Directions for this task
Your output should be the lines from the one with "Oversized Plaid Windbreaker" through the last line of the records below, exactly as written, minus the pictures.
Top of Source data
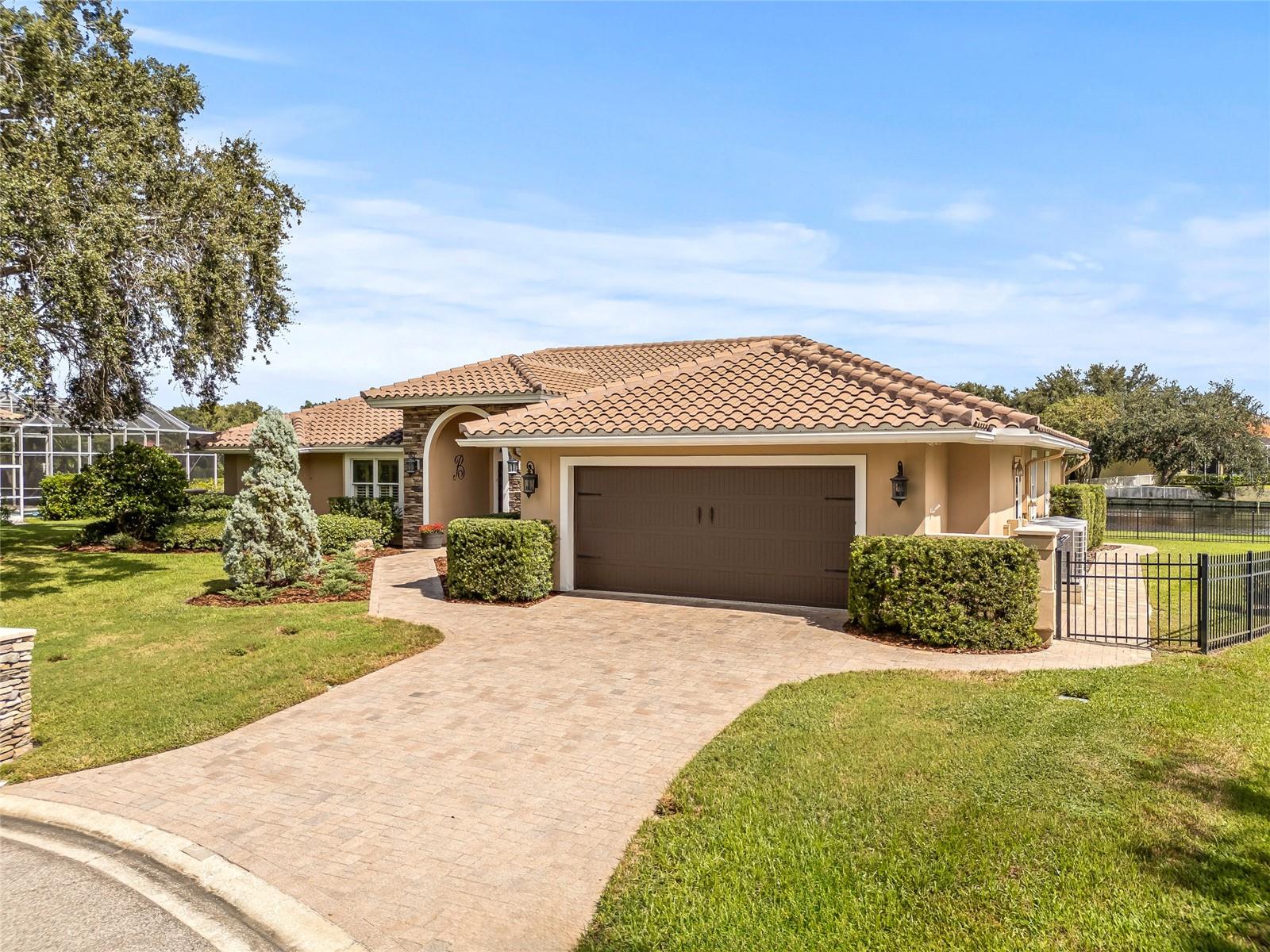 Gorgeous artisan pavers line the front driveway, sidewalk and pool patio.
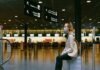 A person wearing a mask sits on a suitcase in an airport terminal, surrounded by directional signs, as reminders of the Corona Covid-19 era linger near the check-in counters.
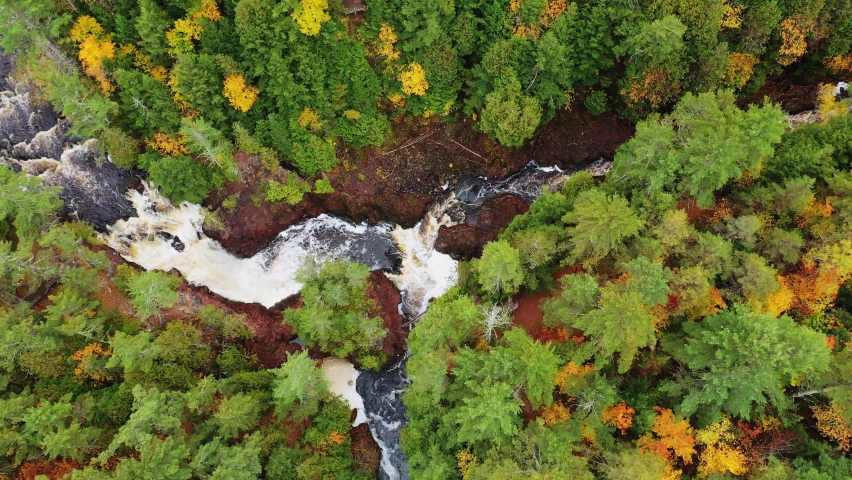 Beautiful look down aerial flying over Brownstone Falls at the junction of the Tyler Forks and Bad river with colorful fall foliage and red rock lining the river banks in autumn at Copper Falls park.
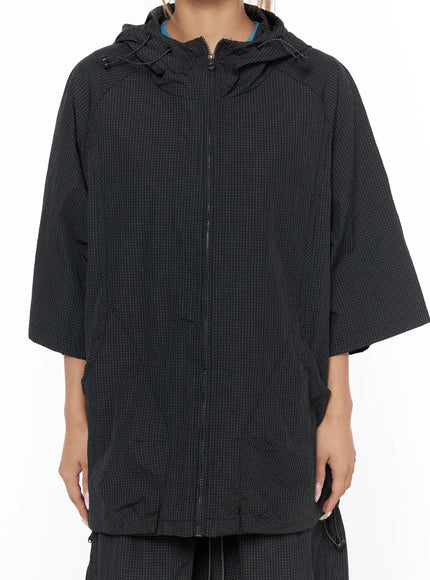 Oversized Plaid Windbreaker CU523 Black close-up detail shot showing grid-check nylon hem layering jacket over matching shorts with drawstring waistband and zip detail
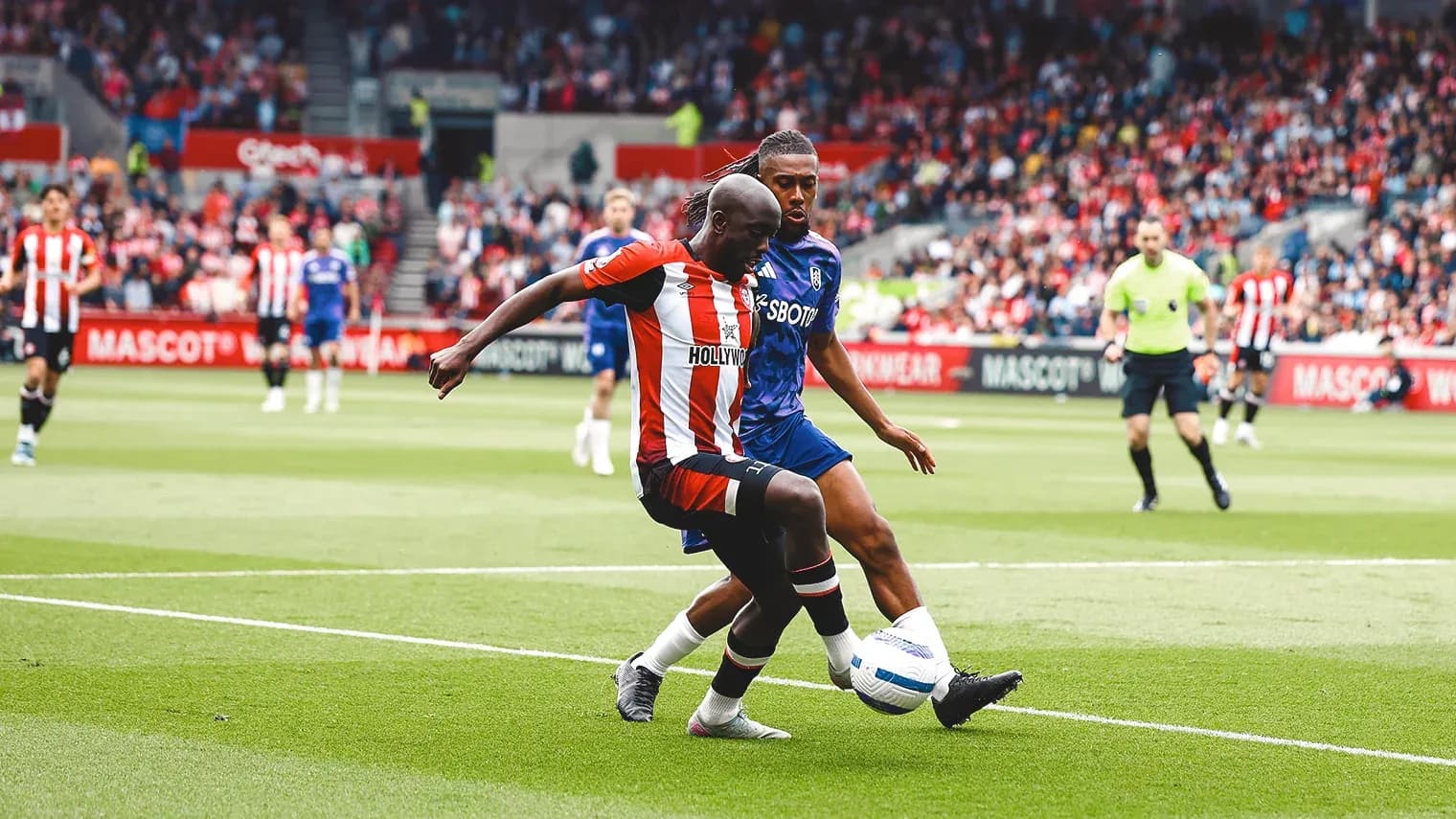 Brentford player challenging Fulham opponent for the ball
Bottom of Source data
Solution to the exercise
 Oversized Plaid Windbreaker CU523 Black close-up detail shot showing grid-check nylon hem layering jacket over matching shorts with drawstring waistband and zip detail
 Brentford player challenging Fulham opponent for the ball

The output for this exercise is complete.